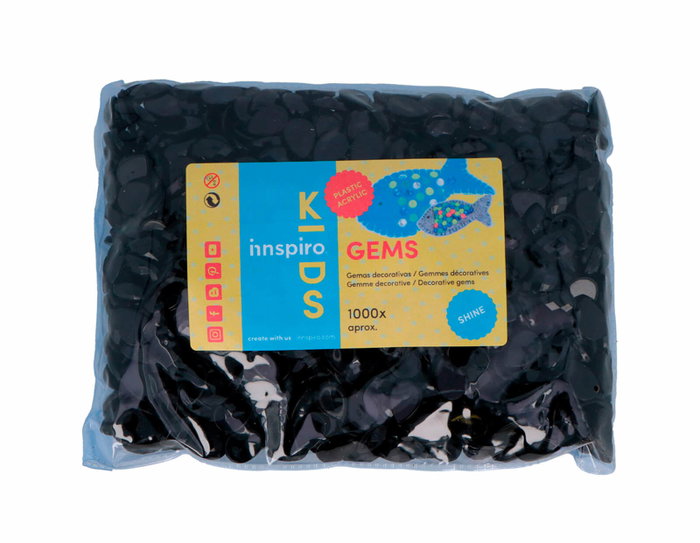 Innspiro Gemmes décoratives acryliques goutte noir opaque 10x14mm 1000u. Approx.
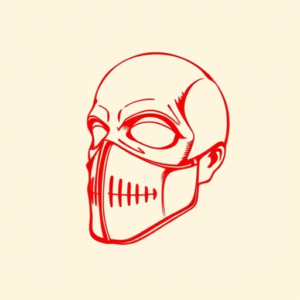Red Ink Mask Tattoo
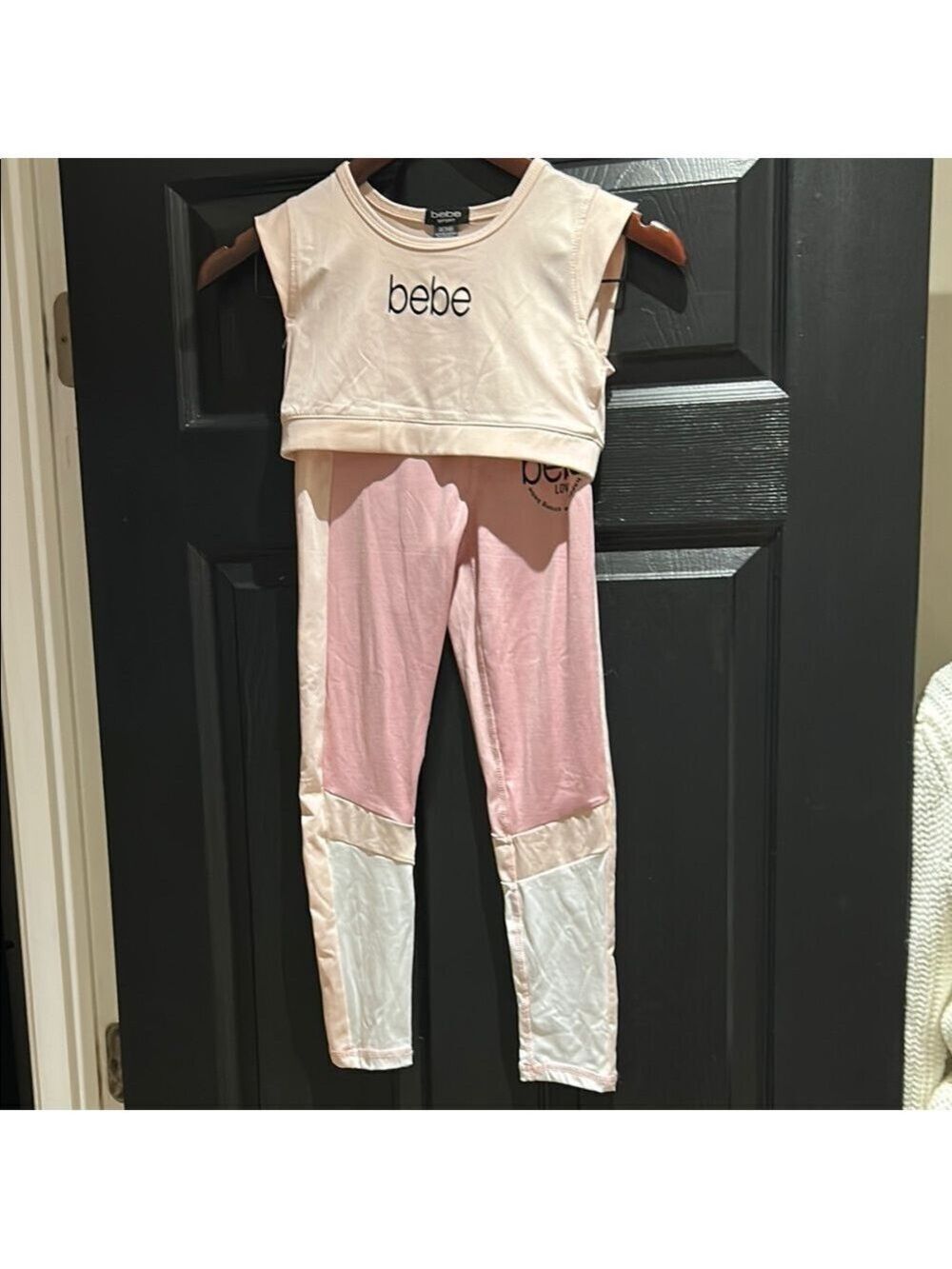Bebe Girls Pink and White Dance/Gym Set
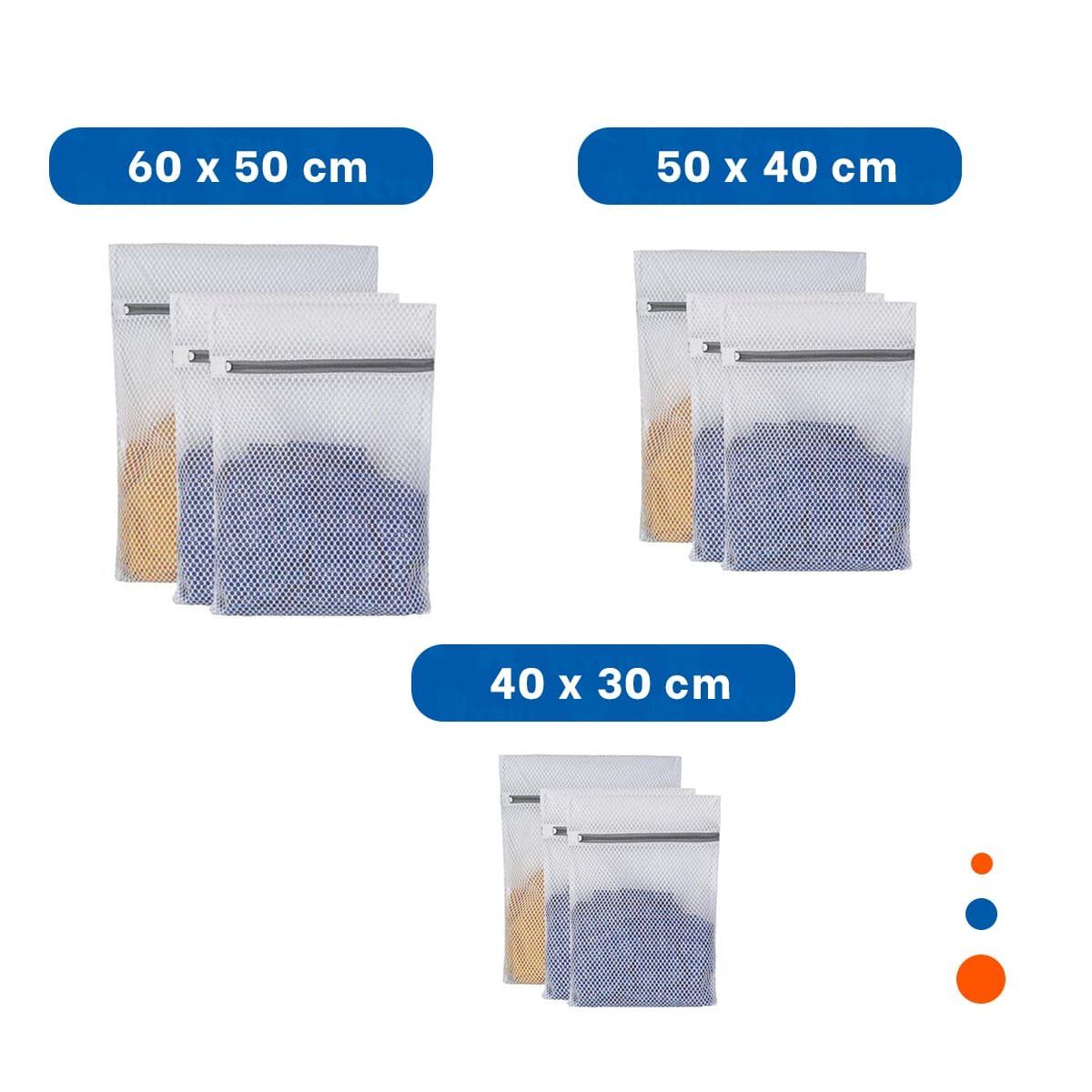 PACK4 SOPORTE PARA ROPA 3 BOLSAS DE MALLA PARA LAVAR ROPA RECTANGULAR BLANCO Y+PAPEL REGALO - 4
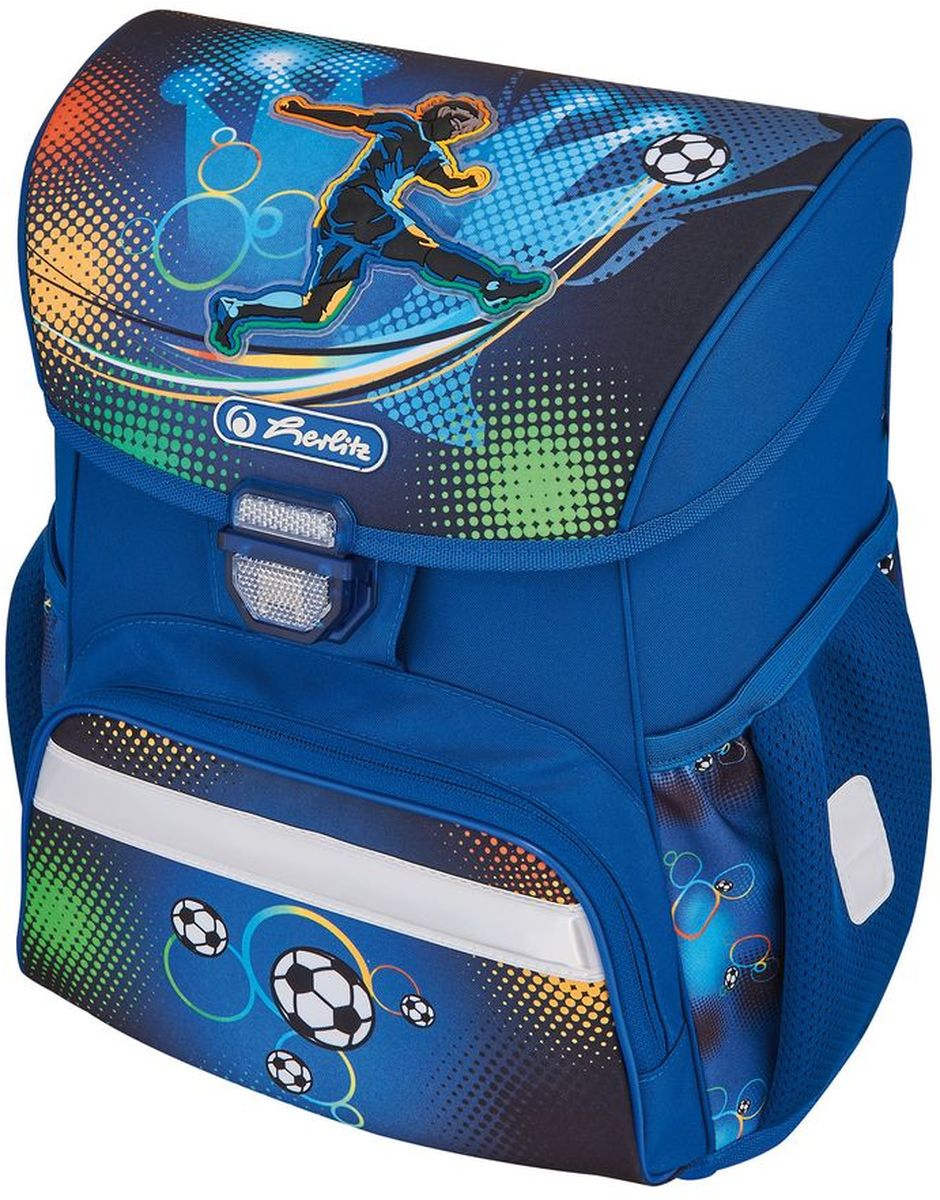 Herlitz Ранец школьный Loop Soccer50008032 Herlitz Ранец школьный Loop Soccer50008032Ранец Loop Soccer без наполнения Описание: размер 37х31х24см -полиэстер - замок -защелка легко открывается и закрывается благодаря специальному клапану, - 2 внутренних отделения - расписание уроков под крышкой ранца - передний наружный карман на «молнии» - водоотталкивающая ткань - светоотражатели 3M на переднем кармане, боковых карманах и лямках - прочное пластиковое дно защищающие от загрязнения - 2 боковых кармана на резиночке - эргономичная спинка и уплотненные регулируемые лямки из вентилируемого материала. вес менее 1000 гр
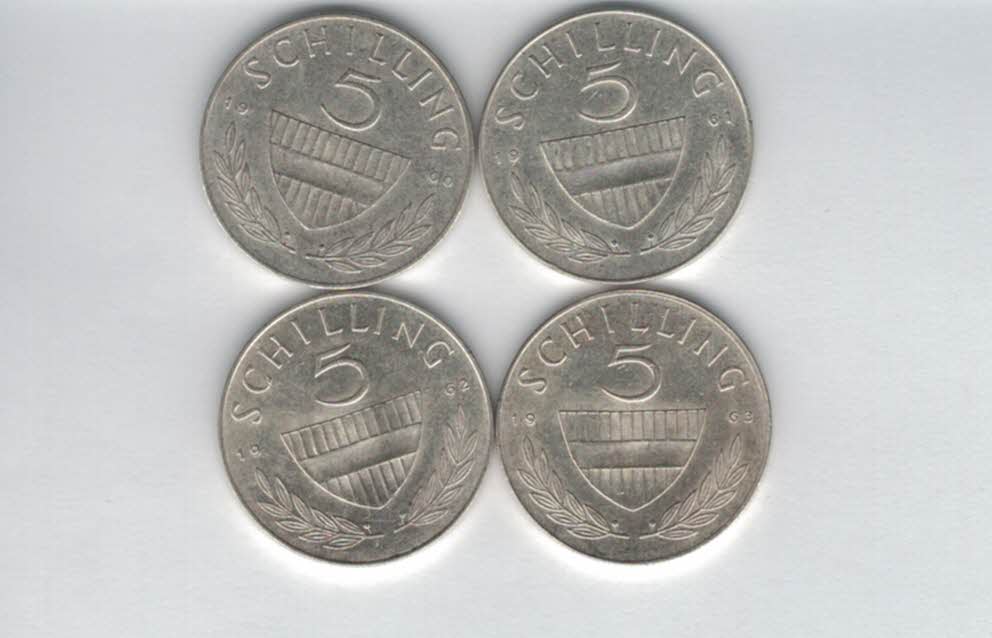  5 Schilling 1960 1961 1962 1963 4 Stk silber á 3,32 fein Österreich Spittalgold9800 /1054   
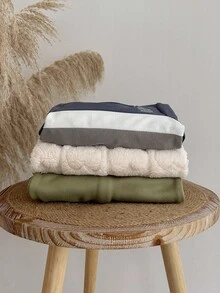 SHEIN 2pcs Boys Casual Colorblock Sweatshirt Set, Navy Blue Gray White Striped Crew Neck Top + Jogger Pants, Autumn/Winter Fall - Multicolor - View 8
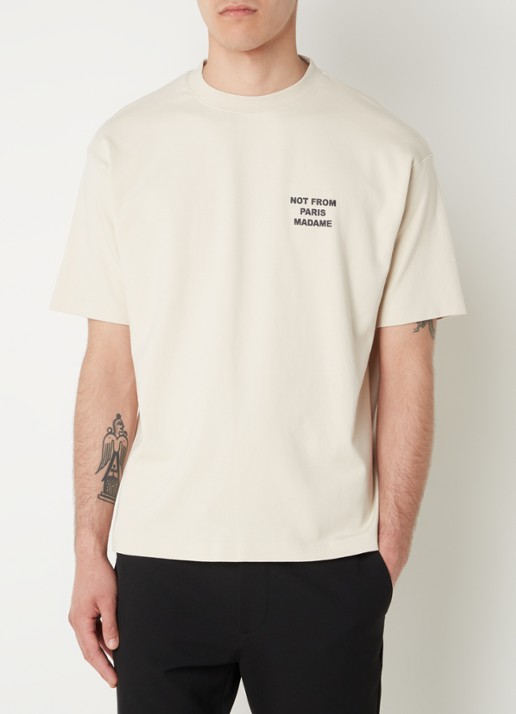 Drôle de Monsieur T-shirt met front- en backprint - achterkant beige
○ ○ ○
Aim of the task - Only the lines from the start of the records to the line with "PACK4 SOPORTE PARA" belong in the copy. Print them exactly, minus pictures.

Answer -
 Innspiro Gemmes décoratives acryliques goutte noir opaque 10x14mm 1000u. Approx.
Red Ink Mask Tattoo
Bebe Girls Pink and White Dance/Gym Set
 PACK4 SOPORTE PARA ROPA 3 BOLSAS DE MALLA PARA LAVAR ROPA RECTANGULAR BLANCO Y+PAPEL REGALO - 4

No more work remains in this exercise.